I was trying to understand the linux perf
, and found some really confusing behavior:
I wrote a simple multi-threading example with one thread pinned to each core; each thread runs computation locally and does not communicate with each other (see test.cc
below). I was thinking that this example should have really low, if not zero, context switches. However, using linux perf
to profile the example shows thousands of context-switches - much more than what I expected. I further profiled the linux command sleep 20
for a comparison, showing much fewer context switches.
This profile result does not make any sense to me. What is causing so many context switches?
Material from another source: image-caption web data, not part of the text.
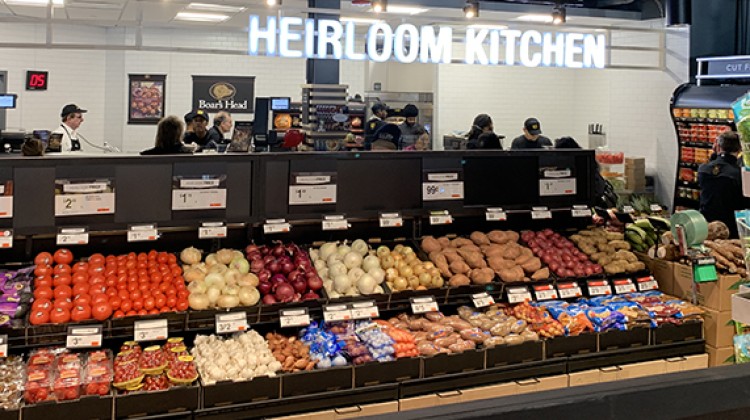 GIANT Heirloom Market breaks bread at opening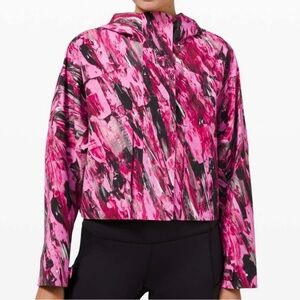 Limited edition Lululemon rain chaser incentive multi printed jacket size 6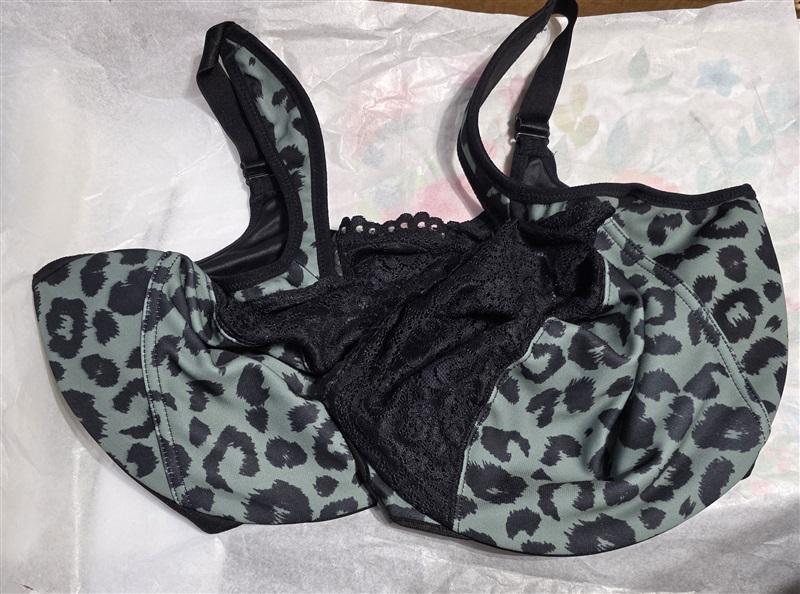 NWOT Glamorise 42H Elegance Front Close Underwire Bra 1245 Green 129752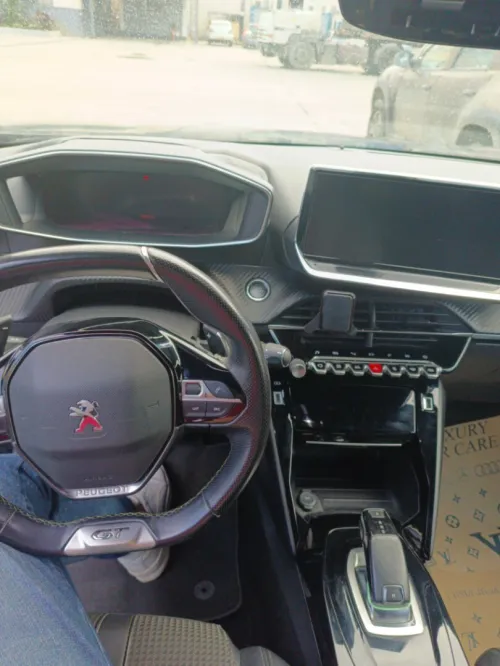 Peugeot 2008 2021 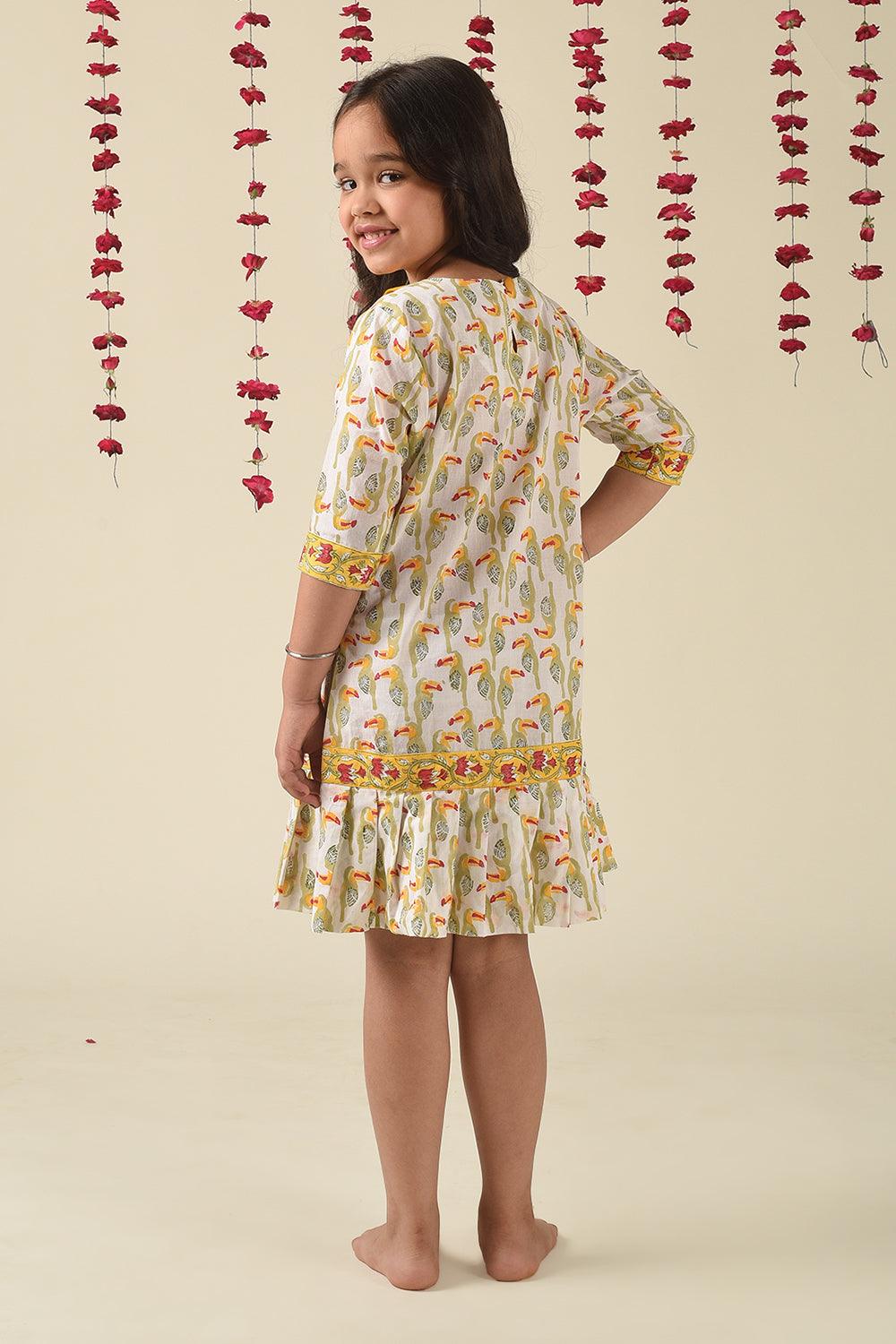 Macaw Pleated Dress - Totdot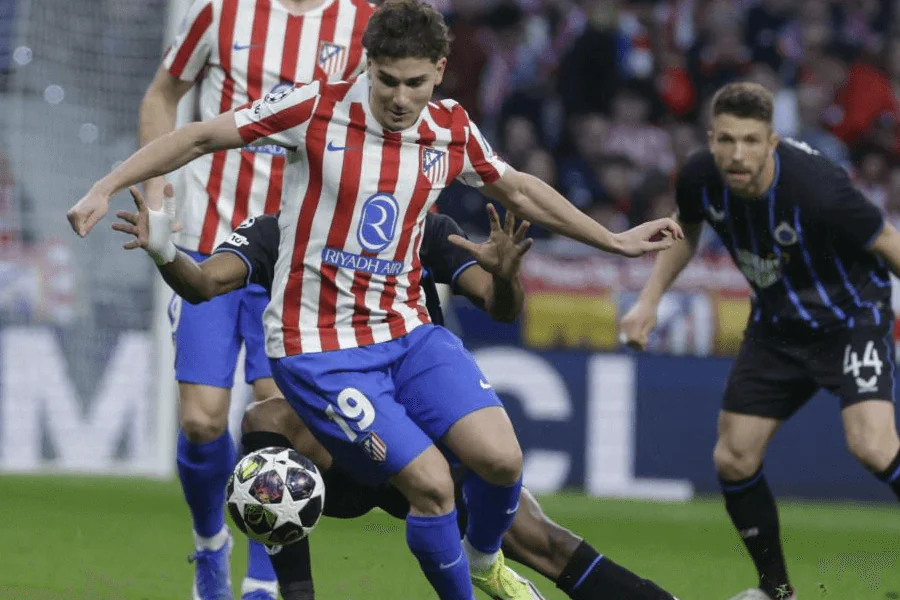 Julián Álvarez Atlético Madrid cible principale Barcelone été 2026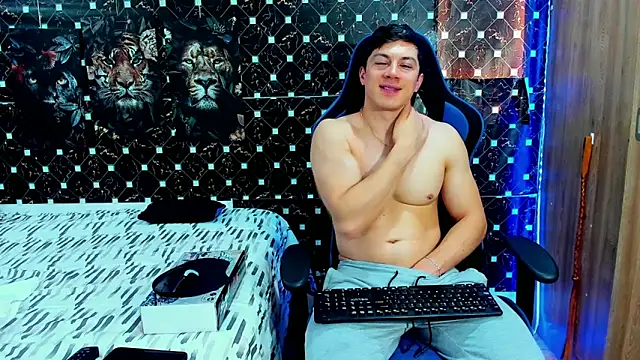 Snapshot of javiersexymann chatting on May 2026 06:50:01 PM javiersexymann online show from May 2026 06:50:01 PM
> sudo perf stat -e sched:sched_switch ./test
Performance counter stats for './test':
6,725 sched:sched_switch
20.835 seconds time elapsed
> sudo perf stat -e sched:sched_switch sleep 20
Performance counter stats for 'sleep 20':
1 sched:sched_switch
20.001 seconds time elapsed
For reproducing the results, please run the following code:
perf stat -e context-switches sleep 20
perf stat -e context-switches ./test
To compile the source code, please type the following code:
g++ -std=c++11 -pthread -o test test.cc
// test.cc
#include <iostream>
#include <thread>
#include <vector>
int main(int argc, const char** argv) {
unsigned num_cpus = std::thread::hardware_concurrency();
std::cout << "Launching " << num_cpus << " threads\n";
std::vector<std::thread> threads(num_cpus);
for (unsigned i = 0; i < num_cpus; ++i) {
threads[i] = std::thread([i] {
int j = 0;
while (j++ < 100) {
int tmp = 0;
while (tmp++ < 110000000) { }
}
});
cpu_set_t cpuset;
CPU_ZERO(&cpuset);
CPU_SET(i, &cpuset);
int rc = pthread_setaffinity_np(threads[i].native_handle(),
sizeof(cpu_set_t), &cpuset);
if (rc != 0) {
std::cerr << "Error calling pthread_setaffinity_np: " << rc << "\n";
}
}
for (auto& t : threads) {
t.join();
}
return 0;
}